THE testimony of Ramil L. Madriaga gives the House Committee on Justice a disturbing look at how public money may have been moved in ways that bypassed the normal safeguards of accountability, according to a lawmaker who said the allegations are too serious to brush aside as mere noise or technical theater.
Manila Rep. Bienvenido “Benny” Abante, an endorser of the fourth impeachment complaint against Vice President Sara Z. Duterte, raised that point in a manifestation before the justice panel as it weighed the significance of Madriaga’s affidavit and the need to press further into the facts.
“Madriaga’s testimony provides a chilling look into the movement of public funds that circumvented every known audit safeguard,” Abante, chair of the House Committee on Human Rights, said.
He argued that the committee cannot treat the affidavit as stray accusation because the House rules, read together with the Rules of Court, require members to examine the recital of facts and the evidence supporting the complaint.
“If these allegations are true, we are looking at the literal conversion of the public treasury into duffel bags for private distribution,” Abante stressed.
Abante then tied that warning to the need for clarificatory questions, saying the committee’s power to compel witnesses and documents is not ornamental but central to the constitutional task before it.
“This is why clarificatory questions are not just a procedural right—they are a constitutional necessity,” Abante pointed out.
He said the panel must directly confront the strange details in the affidavit, especially the alleged use of duffel bags and car tire key drops if the transactions were supposedly lawful.
“Bakit kailangang dumaan ang pera sa duffel bag at car tire keys kung legal ito?” Abante asked.
He also zeroed in on the issue of confidential funds, particularly the question of how the Office of the Vice President could justify the disbursement of P125 million in just 11 days for supposed safehouses tied to names that the PSA itself has cast into doubt.
“How can the OVP justify spending P125 million in just 11 days on ‘safehouses’ for payees that the PSA says do not exist?” Abante said.
From there, he turned to the criticism that the House was supposedly engaged in a fishing expedition or a mini-trial, saying such claims confuse the committee’s threshold function with the Senate’s role as impeachment court.
“Let’s be clear: we are not here to convict; we are here to determine a threshold,” Abante stated.
He said the House is not sitting to pronounce guilt but to determine whether there is enough basis for the constitutional process to move forward.
“Determination of probable cause is a constitutional mandate, not a legal distraction,” Abante argued.
Abante sharpened that point further by saying accountability cannot be dismissed as “fishing” when the allegations already identify specific transactions, fund movements and actors that demand examination.
“Kapag sinundan mo ang bakas ng pera ng bayan, ang tawag doon ay oversight, hindi ‘fishing,’” Abante said.
He added that if the Vice President’s records are indeed clean, subpoenas and questions should be seen not as persecution but as a chance to clear the air.
“If the Vice President’s records are clear, a subpoena should be a welcome opportunity for transparency, not a reason for panic,” Abante noted.
On Madriaga himself, Abante rejected efforts to disqualify the witness outright over the cases he faces, saying the law distinguishes between a witness’s legal competence to testify and the committee’s separate duty to weigh his credibility.
“Kung presumed innocent si VP Sara—eh di presumed innocent din si Ramil Madriaga,” Abante said.
He then drew the line in plain terms, saying competency is a legal question that can be answered now, while credibility is something the committee must test through the hearing itself.
“Yung competency—pwede ba siyang tumestigo?
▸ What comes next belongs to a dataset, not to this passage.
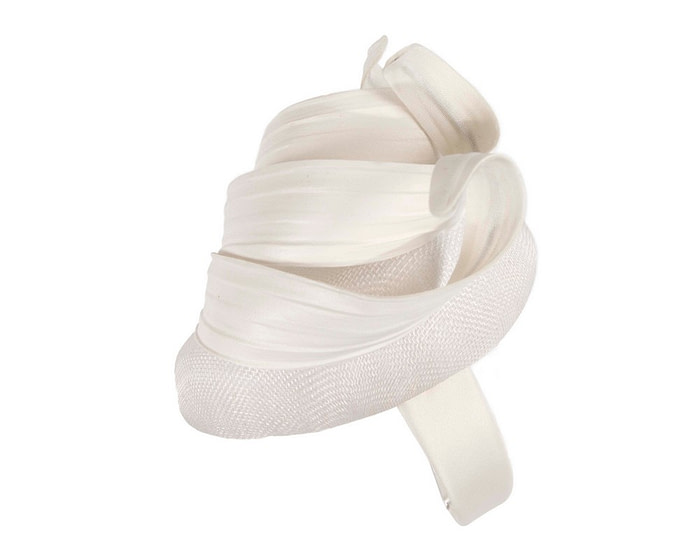 White spring racing fascinator by Fillies Collection - Image 3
The answer is a legal YES. Yung credibility—kapani-paniwala ba siya? That is for this Committee to weigh,” Abante explained.
Abante closed by saying the House is not being asked to convict the Vice President now, but to confront whether the smoke described in the records and testimony is real enough to warrant the next constitutional step.
“Transparency is not persecution. Questions are not convictions. And accountability is not harassment—it is the lifeblood of a functioning democracy,” Abante said.